**Working data:**
***

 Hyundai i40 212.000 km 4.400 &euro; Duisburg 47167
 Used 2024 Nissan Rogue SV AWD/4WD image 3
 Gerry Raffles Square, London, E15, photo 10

***

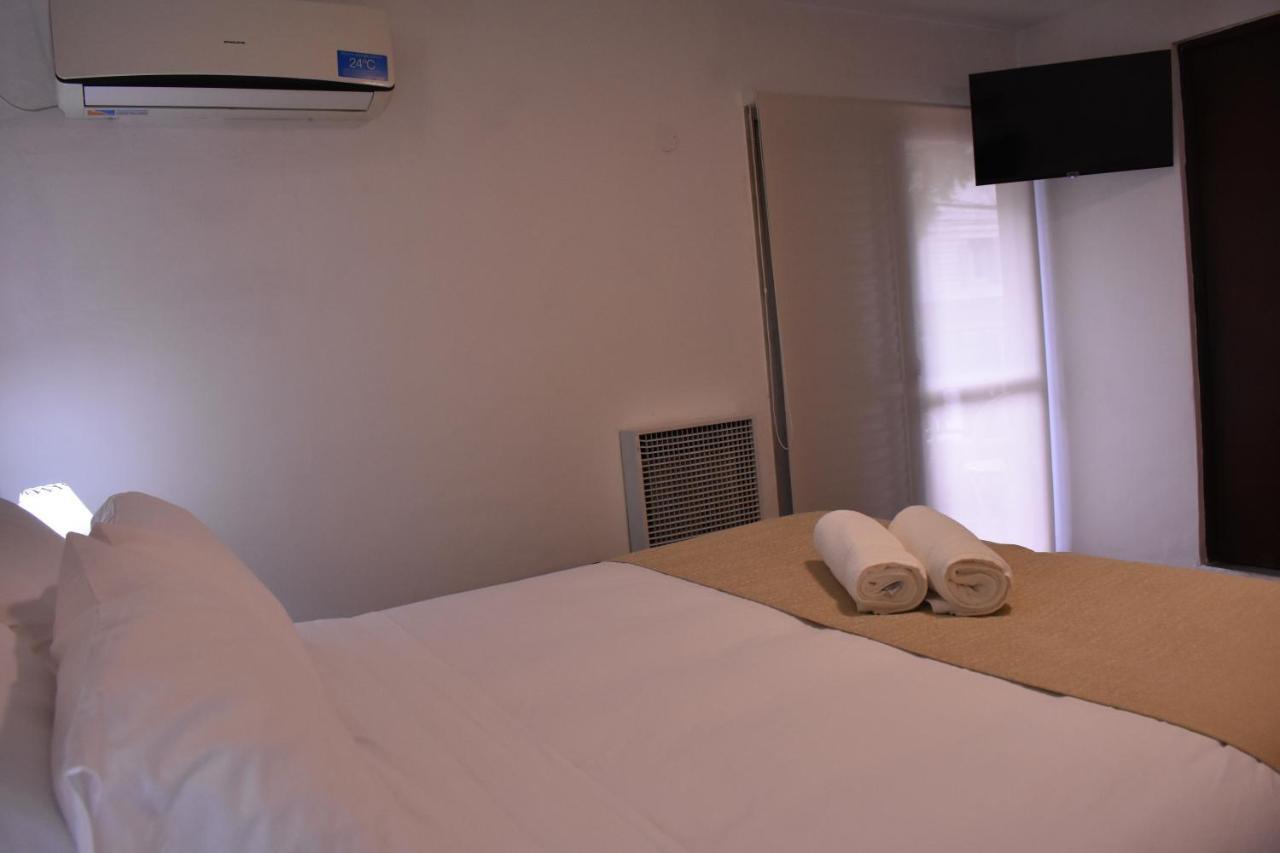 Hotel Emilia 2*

***

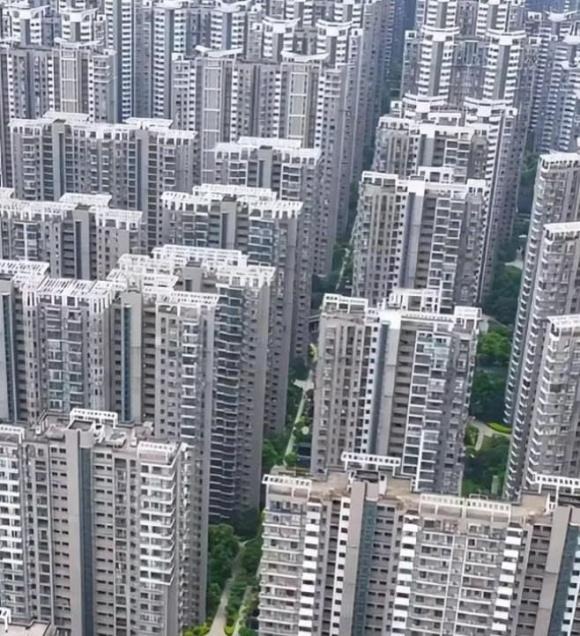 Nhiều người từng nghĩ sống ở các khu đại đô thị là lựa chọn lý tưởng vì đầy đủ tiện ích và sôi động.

***

**Problem to work on:** Retype exactly, and only, the lines above from the one where "Hyundai i40 212.000" occurs up to and including the one where "Gerry Raffles Square, London, E15, photo 10" occurs.

**Output for this exercise:**
 Hyundai i40 212.000 km 4.400 &euro; Duisburg 47167
 Used 2024 Nissan Rogue SV AWD/4WD image 3
 Gerry Raffles Square, London, E15, photo 10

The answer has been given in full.